Can the data below be echoed back word for word?

[Opening LISTED ENTRIES section]

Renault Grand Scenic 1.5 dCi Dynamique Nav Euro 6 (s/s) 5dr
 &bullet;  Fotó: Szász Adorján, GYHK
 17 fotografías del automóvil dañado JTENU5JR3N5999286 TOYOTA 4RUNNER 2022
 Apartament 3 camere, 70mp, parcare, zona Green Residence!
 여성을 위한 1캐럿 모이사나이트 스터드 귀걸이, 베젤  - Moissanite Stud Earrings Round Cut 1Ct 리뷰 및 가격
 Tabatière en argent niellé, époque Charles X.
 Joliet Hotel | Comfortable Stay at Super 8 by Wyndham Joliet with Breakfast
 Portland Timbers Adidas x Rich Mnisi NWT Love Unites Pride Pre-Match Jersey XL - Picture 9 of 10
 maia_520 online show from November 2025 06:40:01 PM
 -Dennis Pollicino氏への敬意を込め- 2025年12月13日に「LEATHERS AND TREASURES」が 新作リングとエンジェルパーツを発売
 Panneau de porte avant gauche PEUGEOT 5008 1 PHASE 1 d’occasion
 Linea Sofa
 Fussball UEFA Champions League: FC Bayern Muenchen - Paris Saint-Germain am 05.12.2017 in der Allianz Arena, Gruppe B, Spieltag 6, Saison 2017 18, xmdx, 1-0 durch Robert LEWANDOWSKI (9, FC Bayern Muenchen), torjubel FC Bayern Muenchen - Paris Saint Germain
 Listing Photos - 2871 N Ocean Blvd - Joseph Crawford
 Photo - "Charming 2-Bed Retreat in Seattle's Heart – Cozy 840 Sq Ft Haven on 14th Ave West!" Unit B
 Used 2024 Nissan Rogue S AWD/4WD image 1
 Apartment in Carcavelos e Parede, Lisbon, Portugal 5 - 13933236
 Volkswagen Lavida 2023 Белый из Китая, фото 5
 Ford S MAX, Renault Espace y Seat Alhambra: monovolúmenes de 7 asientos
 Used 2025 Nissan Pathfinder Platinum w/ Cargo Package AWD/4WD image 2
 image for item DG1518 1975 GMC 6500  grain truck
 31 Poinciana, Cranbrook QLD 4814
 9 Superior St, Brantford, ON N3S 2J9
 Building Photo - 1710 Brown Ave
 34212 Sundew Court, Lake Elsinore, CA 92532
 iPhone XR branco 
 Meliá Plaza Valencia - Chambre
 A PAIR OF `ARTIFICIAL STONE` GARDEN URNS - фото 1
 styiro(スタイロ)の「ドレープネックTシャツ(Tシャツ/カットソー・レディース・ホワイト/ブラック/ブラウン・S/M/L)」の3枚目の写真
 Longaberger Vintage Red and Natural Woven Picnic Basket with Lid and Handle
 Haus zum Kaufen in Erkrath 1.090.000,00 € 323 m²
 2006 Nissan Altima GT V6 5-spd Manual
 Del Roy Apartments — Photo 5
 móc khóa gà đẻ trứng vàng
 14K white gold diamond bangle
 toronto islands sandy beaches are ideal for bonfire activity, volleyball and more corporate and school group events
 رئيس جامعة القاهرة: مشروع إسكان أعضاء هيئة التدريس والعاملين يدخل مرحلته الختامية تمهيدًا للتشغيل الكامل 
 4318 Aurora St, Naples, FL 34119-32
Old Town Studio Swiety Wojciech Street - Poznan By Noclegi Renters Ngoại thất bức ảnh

[Closing LISTED ENTRIES section]

◆ **OUTPUT FOR THIS EXERCISE**:
Renault Grand Scenic 1.5 dCi Dynamique Nav Euro 6 (s/s) 5dr
 &bullet;  Fotó: Szász Adorján, GYHK
 17 fotografías del automóvil dañado JTENU5JR3N5999286 TOYOTA 4RUNNER 2022
 Apartament 3 camere, 70mp, parcare, zona Green Residence!
 여성을 위한 1캐럿 모이사나이트 스터드 귀걸이, 베젤  - Moissanite Stud Earrings Round Cut 1Ct 리뷰 및 가격
 Tabatière en argent niellé, époque Charles X.
 Joliet Hotel | Comfortable Stay at Super 8 by Wyndham Joliet with Breakfast
 Portland Timbers Adidas x Rich Mnisi NWT Love Unites Pride Pre-Match Jersey XL - Picture 9 of 10
 maia_520 online show from November 2025 06:40:01 PM
 -Dennis Pollicino氏への敬意を込め- 2025年12月13日に「LEATHERS AND TREASURES」が 新作リングとエンジェルパーツを発売
 Panneau de porte avant gauche PEUGEOT 5008 1 PHASE 1 d’occasion
 Linea Sofa
 Fussball UEFA Champions League: FC Bayern Muenchen - Paris Saint-Germain am 05.12.2017 in der Allianz Arena, Gruppe B, Spieltag 6, Saison 2017 18, xmdx, 1-0 durch Robert LEWANDOWSKI (9, FC Bayern Muenchen), torjubel FC Bayern Muenchen - Paris Saint Germain
 Listing Photos - 2871 N Ocean Blvd - Joseph Crawford
 Photo - "Charming 2-Bed Retreat in Seattle's Heart – Cozy 840 Sq Ft Haven on 14th Ave West!" Unit B
 Used 2024 Nissan Rogue S AWD/4WD image 1
 Apartment in Carcavelos e Parede, Lisbon, Portugal 5 - 13933236
 Volkswagen Lavida 2023 Белый из Китая, фото 5
 Ford S MAX, Renault Espace y Seat Alhambra: monovolúmenes de 7 asientos
 Used 2025 Nissan Pathfinder Platinum w/ Cargo Package AWD/4WD image 2
 image for item DG1518 1975 GMC 6500  grain truck
 31 Poinciana, Cranbrook QLD 4814
 9 Superior St, Brantford, ON N3S 2J9
 Building Photo - 1710 Brown Ave
 34212 Sundew Court, Lake Elsinore, CA 92532
 iPhone XR branco 
 Meliá Plaza Valencia - Chambre
 A PAIR OF `ARTIFICIAL STONE` GARDEN URNS - фото 1
 styiro(スタイロ)の「ドレープネックTシャツ(Tシャツ/カットソー・レディース・ホワイト/ブラック/ブラウン・S/M/L)」の3枚目の写真
 Longaberger Vintage Red and Natural Woven Picnic Basket with Lid and Handle
 Haus zum Kaufen in Erkrath 1.090.000,00 € 323 m²
 2006 Nissan Altima GT V6 5-spd Manual
 Del Roy Apartments — Photo 5
 móc khóa gà đẻ trứng vàng
 14K white gold diamond bangle
 toronto islands sandy beaches are ideal for bonfire activity, volleyball and more corporate and school group events
 رئيس جامعة القاهرة: مشروع إسكان أعضاء هيئة التدريس والعاملين يدخل مرحلته الختامية تمهيدًا للتشغيل الكامل 
 4318 Aurora St, Naples, FL 34119-32
Old Town Studio Swiety Wojciech Street - Poznan By Noclegi Renters Ngoại thất bức ảnh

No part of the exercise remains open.